Они с Абаддоном были ветеранами, входили в Морниваль еще до того, как Галактика сошла с резьбы и рывком повернулась в другую сторону. Они проливали кровь на сотне миров во имя Императора и во многих сотнях других — во имя магистра войны.
И когда-то они смеялись, сражаясь.
Двое новых членов Морниваля шагали рядом со своими рекомендателями. Отраженный свет луны Двелла рисовал на их шлемах полумесяцы. Один из них был известным воином, другой — сержантом, снискавшим себе репутацию во время катастрофы при падении Двелла.
Головорез Кибре командовал терминаторами-юстаэринцами. Один из людей Абаддона и истинный сын. Кибре был опытен и проверен в бою, но Грааль Ноктюа из Заколдованных был новичком в легионе. Воин обладал разумом, похожим на стальной капкан, и Абаддон сравнивал его ум с неторопливым клинком.
С появлением Кибре на одну чашу Морниваля лег тяжкий груз гневливости. Аксиманд надеялся, что это уравновесится присутствием флегматичного Ноктюа. Благосклонность, которую Аксиманд проявлял к сержанту, вызывала у некоторых ворчание, однако Двелл заставил их всех умолкнуть.
Вместе с двумя новыми братьями Аксиманд и Абаддон шли к центральному залу Мавзолитики, откликаясь на зов магистра войны.
— Думаете, будет приказ о мобилизации? — спросил Ноктюа.
Как и всем им, ему не терпелось получить свободу. Война здесь давно закончилась, и, если не считать нескольких вылазок за пределы системы, основная масса легиона оставалась на месте, пока примарх уединялся с мертвыми.

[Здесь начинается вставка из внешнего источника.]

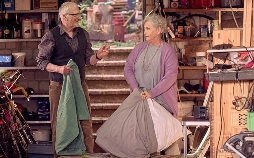 Anna und ihr Untermieter: Volles Haus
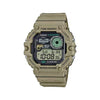 Orologio casio ws 1700h 5avef sand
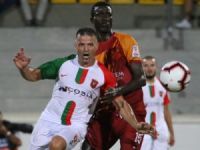 Çetinkaya galibiyetle başladı: 1-0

— Возможно, — отозвался Аксиманд (ему не хотелось строить домыслы относительно мотивов магистра войны остаться на Двелле). — Скоро узнаем.
— Мы должны двигаться, — произнес Кибре. — Война набирает обороты, а мы бездействуем.
Абаддон остановился и ткнул рукой в центр нагрудника Головореза.
— Думаешь, будто знаешь о ходе войны больше, чем твой примарх?
Кибре покачал головой:
— Конечно, нет. Я просто…
— Первый урок Морниваля, — сказал Аксиманд. — Никогда не решай за Луперкаля.
— Я за него и не решал, — огрызнулся Кибре.
— Хорошо, — произнес Аксиманд. — Значит, сегодня ты усвоил нечто важное. Может быть, магистр войны нашел то, что ему было нужно, а может, нет. Может быть, мы получим приказ о мобилизации, а может, нет.
Кибре кивнул. Аксиманд видел, как тот силится обуздать свой бешеный нрав.
— Как скажешь, Маленький Хорус. Расплавленное ядро Хтонии, что горит в каждом из нас, бурлит во мне сильнее, чем во всех остальных.
Аксиманд усмехнулся, хотя это прозвучало непривычно. Мышцы двигались под кожей немного иначе.
— Ты говоришь будто о чем-то плохом, — заметил он. — Просто не забывай, что пламя полезно, когда его контролируют.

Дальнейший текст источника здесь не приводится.